Senza lavoro, con precedenti penali per reati contro la persona e una rabbia che, evidentemente, ha sfogato su quelli che gli erano più vicini. Maltrattamenti nei confronti del povero padre, sessantenne e disabile, che andavano avanti da un po’ di tempo. Fino a quando, nei giorni scorsi, si è arrivati al limite: T.D.M, 32 anni, non solo ha lasciato in casa il padre, senza cure, ma ha anche minacciato di morte la sorella per impedirle di entrare nell’abitazione per accudire il padre. Solo allora sono stati allertati i carabinieri che si sono precipitati sul posto. E lì la situazione non è affatto migliorata: il trentaduenne, infatti, invece di calmarsi, si è scagliato contro uno dei carabinieri del Norm di Sora, intervenuti sul posto, spintonandolo e facendolo cadere a terra. Il carabiniere è dovuto ricorrere alle cure del pronto soccorso dell’ospedale di Sora per essere sottoposto ad accertamenti e cure. Le sue lesioni sono state giudicate guaribili in quattro giorni.
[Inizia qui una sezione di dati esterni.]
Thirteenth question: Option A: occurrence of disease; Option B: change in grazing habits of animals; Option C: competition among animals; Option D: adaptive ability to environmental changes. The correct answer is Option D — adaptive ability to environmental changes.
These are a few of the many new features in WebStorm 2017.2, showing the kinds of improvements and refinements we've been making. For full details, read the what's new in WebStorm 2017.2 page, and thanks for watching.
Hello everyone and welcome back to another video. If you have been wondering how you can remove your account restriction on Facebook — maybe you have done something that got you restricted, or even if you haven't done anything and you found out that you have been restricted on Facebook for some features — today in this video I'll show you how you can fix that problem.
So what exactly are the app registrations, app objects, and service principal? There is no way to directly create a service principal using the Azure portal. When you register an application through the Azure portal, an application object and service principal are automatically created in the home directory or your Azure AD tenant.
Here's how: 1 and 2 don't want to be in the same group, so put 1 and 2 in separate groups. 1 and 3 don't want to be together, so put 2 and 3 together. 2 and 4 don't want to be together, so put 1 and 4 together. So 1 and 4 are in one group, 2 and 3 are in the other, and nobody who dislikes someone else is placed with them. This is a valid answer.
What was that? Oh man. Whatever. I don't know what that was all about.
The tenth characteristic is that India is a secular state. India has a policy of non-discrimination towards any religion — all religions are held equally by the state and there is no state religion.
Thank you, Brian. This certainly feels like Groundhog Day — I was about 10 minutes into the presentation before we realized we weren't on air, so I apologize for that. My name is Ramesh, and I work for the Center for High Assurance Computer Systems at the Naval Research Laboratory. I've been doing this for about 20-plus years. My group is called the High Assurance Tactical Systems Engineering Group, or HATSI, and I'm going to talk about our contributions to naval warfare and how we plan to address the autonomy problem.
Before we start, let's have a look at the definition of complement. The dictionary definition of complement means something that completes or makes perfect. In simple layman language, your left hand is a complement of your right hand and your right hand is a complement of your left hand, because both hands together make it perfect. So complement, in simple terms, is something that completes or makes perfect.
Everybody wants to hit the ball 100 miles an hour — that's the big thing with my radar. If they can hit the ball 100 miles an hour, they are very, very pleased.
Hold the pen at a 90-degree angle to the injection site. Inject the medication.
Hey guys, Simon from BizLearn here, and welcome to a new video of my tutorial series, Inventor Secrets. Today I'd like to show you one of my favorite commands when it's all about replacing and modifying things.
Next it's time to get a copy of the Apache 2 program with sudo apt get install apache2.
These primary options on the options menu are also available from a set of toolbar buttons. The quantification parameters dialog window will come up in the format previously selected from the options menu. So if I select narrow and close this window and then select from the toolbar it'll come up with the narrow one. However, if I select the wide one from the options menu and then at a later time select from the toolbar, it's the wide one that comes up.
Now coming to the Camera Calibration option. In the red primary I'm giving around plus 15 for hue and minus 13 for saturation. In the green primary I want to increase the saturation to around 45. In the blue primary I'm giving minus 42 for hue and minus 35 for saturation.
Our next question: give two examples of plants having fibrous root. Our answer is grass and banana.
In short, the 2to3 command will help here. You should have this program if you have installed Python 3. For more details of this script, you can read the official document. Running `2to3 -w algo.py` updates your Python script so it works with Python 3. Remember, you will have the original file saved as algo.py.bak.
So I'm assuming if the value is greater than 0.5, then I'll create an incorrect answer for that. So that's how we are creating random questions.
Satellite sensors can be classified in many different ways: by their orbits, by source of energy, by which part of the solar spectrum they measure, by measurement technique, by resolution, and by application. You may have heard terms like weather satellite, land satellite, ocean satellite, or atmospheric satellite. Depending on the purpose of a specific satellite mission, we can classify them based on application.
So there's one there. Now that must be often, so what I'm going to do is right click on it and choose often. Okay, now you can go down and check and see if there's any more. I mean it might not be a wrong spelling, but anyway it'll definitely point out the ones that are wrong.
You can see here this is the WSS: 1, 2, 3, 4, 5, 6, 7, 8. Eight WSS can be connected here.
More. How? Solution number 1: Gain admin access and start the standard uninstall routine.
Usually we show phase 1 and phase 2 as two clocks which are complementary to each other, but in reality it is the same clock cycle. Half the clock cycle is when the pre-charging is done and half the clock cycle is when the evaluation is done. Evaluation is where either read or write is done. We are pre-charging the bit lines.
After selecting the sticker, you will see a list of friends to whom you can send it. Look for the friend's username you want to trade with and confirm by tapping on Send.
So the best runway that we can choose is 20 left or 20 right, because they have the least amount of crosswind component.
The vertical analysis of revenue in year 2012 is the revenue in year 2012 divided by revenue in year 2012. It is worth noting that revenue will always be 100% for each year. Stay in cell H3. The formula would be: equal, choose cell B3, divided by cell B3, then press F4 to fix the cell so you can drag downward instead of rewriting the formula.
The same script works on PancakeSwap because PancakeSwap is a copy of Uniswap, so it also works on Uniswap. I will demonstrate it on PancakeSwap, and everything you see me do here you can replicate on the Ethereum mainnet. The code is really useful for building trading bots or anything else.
Il trentaduenne, invece, dopo le formalità di rito, è stato trasferito nella casa circondariale di Cassino.


I precedenti

L’episodio dell’altro giorno, secondo una ricostruzione operata dai carabinieri, però, non è stato l’unico. Anche la sera precedente, infatti, in quella casa di Campoli Appennino gli animi si erano agitati parecchio, così come erano state violente le reazioni del giovane. Al punto che, la mattina dopo, con le minacce di morte alla sorella, uno dei fratelli del trentaduenne ha deciso di chiamare i carabinieri del Nucleo Radiomobile di Sora che sono immediatamente intervenuti.